Meru University pioneers e-waste management training

Meru University e-waste

Meru University of Science and Technology VC Prof Romanus Odhiambo speaks to students during the opening of an e-waste collection and management centre on February 16, 2023.

Photo credit: David Muchui I Nation Media Group

Meru University of Science and Technology (MUST) has started an e-waste process management training, becoming the first institution of higher learning in Kenya to roll out the programme.

MUST has also established an e-waste collection centre that will be upgraded to a mini recycling centre for training in an initiative backed by GIZ, Waste Electronic and Electrical Equipment (WEEE) Centre, Pan African E-waste Solutions among other partners.

Meru University Vice Chancellor Prof Romanus Odhiambo said the institution was striving to become a hub for research and training on circular economy.

He said e-waste is an emerging threat to efforts to reverse the effects of climate change with only 17 percent of all waste produced globally being managed.

“Reports indicate that over 53 million tonnes of e-waste was produced globally in 2020 and could increase to 120 million tonnes by 2050 if not handled. In Africa, the growth of ICT and economy calls for readiness to manage e-waste,” Prof Odhiambo said.

He added that the management of e-waste will open up the urban mining sector which is more cost effective than field mining.

Urban mining is recovering rare metals from discarded electrical and electronic equipment through mechanical and chemical treatments.

E-waste process

“Our first group of 175 students will graduate in e-waste process management in June this year. The students will double up as agents for the collection centre. We are also working towards establishing a mini recycling centre for training and income generation. The university will help raise awareness, train, build capacity and create jobs around e-waste management,” the VC said.

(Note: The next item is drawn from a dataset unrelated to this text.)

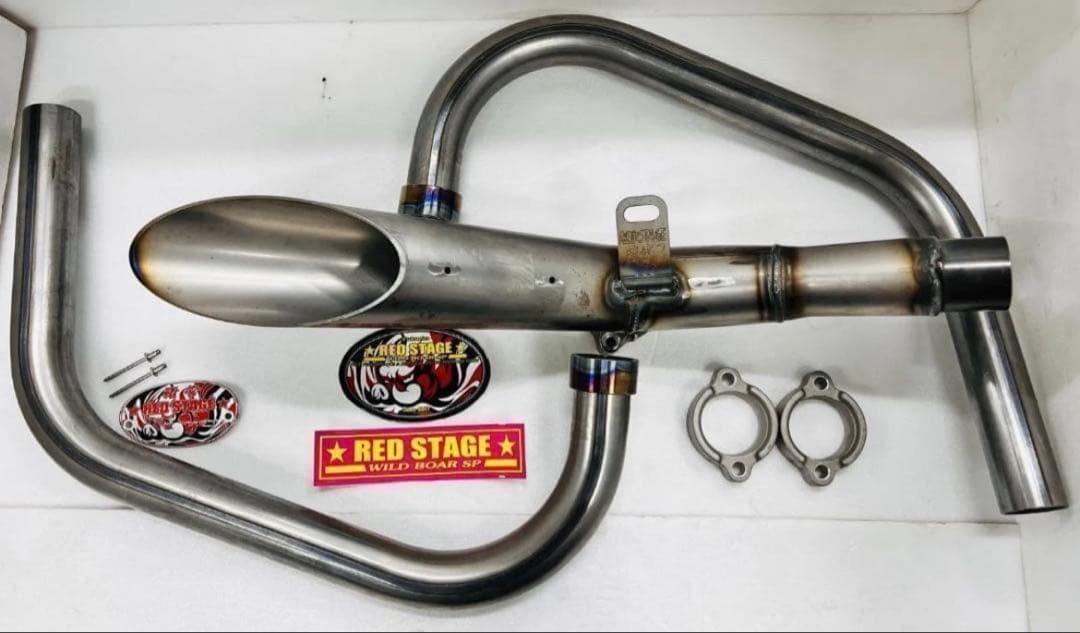 RED STAGE WILD BOAR SP マフラー GSX400 楽天市場】REDSTAGE GS400 猪管STREET ショート管タイプ オリジナル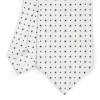 White Sartorial Classic Silk Tie - Small Flower Pattern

Besides e-waste, Prof Odhiambo said the university has established itself as a centre for organic waste management research.

According to WEEE Centre Project manager Joseph Oliech, Kenya produces more than 51,000 tonnes of e-waste annually but little of it is recovered for recycling.

“Kenya is in the process of enacting the Sustainable Waste Management Act which provides for management of e-waste. This will ensure manufacturers take responsibility for e-waste management. The procurement and disposal Act also eases collection of electronics and electrical equipment from government offices since it does not place a cost on e-waste,” Mr Oliech said.

Mr Oliech said there was a need to train more youth in e-waste process management due to increased use of mobile phones and other ICT equipment in Africa.

“Our centre has the capacity to process 1,000 tonnes but we do not receive enough material. The training on e-waste management by Meru University will build capacity for this country,” he said.

He said there was an urgent need to enforce e-waste management since it is a major contributor to greenhouse gas emissions as well as releasing toxins into the environment.

“We are also working with five other vocation training institutions to provide e-waste management courses,” he said.